_Prompt_
Could you set down the listing below exactly and omit its images?

_Given data_
Segment Open

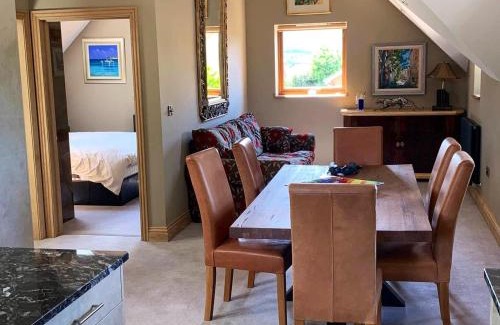 Nailsea House | Elegant Private Coach House - Rated 9.6 by Guests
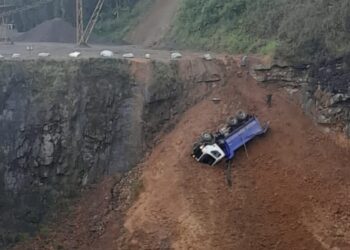 Idoso fica ferido após caminhão cair em barranco em Jaraguá do Sul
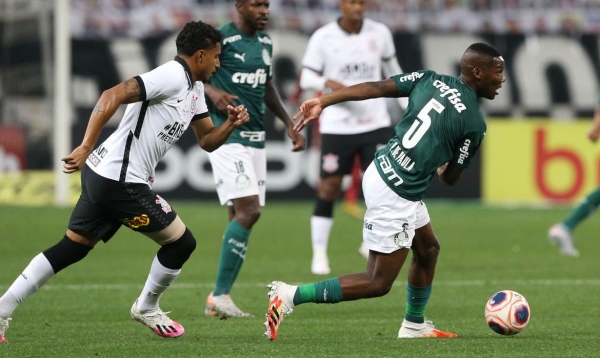 Corinthians e Palmeiras abrem final do Paulista com empate sem gols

Segment Closed

_Expected answer_
 Nailsea House | Elegant Private Coach House - Rated 9.6 by Guests
 Idoso fica ferido após caminhão cair em barranco em Jaraguá do Sul
 Corinthians e Palmeiras abrem final do Paulista com empate sem gols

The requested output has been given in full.